Education Peace and Politics is a British Academy funded project to better understand the Iraq education landscape, with the aim of promoting social cohesion and equal opportunities in the classroom.
This initiative will create a well-established research network focused on all areas of education and widen research capacity for future researchers.
Experts in the field will collaborate on projects to better understand challenges facing learning and teaching throughout Iraq and other countries affected by conflict.
Education in conflict-affected contexts is complex and often highly politicized, with a range of internal power dynamics impacting delivery. Rather than acting as a vehicle for peacebuilding and human rights agendas, education is often manipulated by both state and non-state groups for political motives. Political economy analysis (PEA) can play a critical role in helping to understand education reconstruction and reform. PEA provides a lens through which to investigate the political processes at work between different local, national and global actors. It can facilitate exploration of all moments of the education policy cycle, including agenda setting, policy formulation and policy implementation.
The overarching goal of the EPP project is to inform socially just education systems and provision for children and young people in contexts of conflict and protracted crises. To achieve this EPP aims to strengthen critically informed analysis of education in Iraq and support local researchers to explore educations role in building sustainable peace.

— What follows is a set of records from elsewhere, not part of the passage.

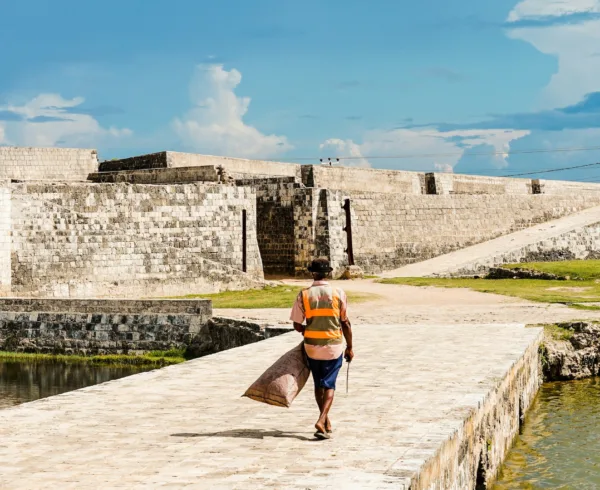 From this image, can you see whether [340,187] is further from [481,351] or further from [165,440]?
[165,440]

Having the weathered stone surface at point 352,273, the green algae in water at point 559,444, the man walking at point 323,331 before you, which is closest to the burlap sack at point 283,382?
the man walking at point 323,331

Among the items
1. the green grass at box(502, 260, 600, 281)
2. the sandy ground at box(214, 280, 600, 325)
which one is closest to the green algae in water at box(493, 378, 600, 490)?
the sandy ground at box(214, 280, 600, 325)

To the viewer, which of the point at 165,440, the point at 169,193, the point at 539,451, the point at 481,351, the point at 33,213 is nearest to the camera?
the point at 165,440

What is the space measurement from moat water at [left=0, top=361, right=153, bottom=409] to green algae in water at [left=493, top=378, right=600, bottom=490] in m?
7.88

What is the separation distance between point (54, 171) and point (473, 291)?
15.4 metres

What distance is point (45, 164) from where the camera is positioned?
3133 centimetres

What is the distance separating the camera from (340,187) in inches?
1257

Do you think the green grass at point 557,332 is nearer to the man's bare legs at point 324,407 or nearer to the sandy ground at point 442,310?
the sandy ground at point 442,310

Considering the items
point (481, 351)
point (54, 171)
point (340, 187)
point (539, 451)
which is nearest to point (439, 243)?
point (340, 187)

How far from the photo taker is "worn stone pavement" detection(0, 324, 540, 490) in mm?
5879

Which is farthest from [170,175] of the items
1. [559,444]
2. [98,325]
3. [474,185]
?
[559,444]

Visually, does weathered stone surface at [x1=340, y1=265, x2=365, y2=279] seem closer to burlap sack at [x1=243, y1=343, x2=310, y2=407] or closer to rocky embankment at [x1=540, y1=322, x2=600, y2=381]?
rocky embankment at [x1=540, y1=322, x2=600, y2=381]

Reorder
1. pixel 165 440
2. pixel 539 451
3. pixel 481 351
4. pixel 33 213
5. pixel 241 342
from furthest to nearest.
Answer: pixel 33 213 < pixel 241 342 < pixel 481 351 < pixel 539 451 < pixel 165 440

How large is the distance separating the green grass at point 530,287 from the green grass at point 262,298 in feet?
10.9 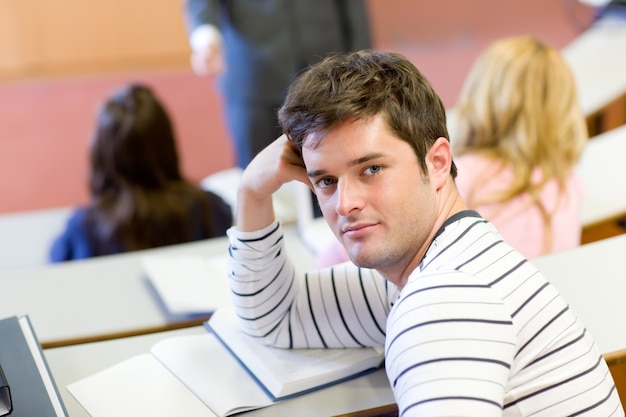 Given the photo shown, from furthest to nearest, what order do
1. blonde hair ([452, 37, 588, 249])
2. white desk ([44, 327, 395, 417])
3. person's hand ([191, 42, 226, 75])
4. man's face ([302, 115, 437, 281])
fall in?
person's hand ([191, 42, 226, 75])
blonde hair ([452, 37, 588, 249])
white desk ([44, 327, 395, 417])
man's face ([302, 115, 437, 281])

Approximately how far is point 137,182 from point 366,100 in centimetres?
144

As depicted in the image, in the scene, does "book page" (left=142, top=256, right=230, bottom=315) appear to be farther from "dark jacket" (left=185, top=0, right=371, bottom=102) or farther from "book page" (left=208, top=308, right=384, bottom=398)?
"dark jacket" (left=185, top=0, right=371, bottom=102)

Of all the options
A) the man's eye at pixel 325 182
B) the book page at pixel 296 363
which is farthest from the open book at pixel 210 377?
the man's eye at pixel 325 182

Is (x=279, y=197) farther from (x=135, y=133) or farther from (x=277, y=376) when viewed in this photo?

The project is a partnership between Ulster University in the UK and Koya University in the Kurdistan Region of Iraq (KRI). EPP facilitates individual, institutional and environmental capacity exchange in support of education research in Iraq and the KRI. The project provides tools, resources and mentoring support to over 20 education researchers from across Iraq and hosts a network of PhD students from across the Middle East.
EPP hope to challenge the northern domination of knowledge production in conflict affected contexts by supporting a new generation of scholars and practitioners to undertake political economy analysis of education systems. We seek to ultimately influence change in global practice for the benefit of children and young people in conflict affected countries.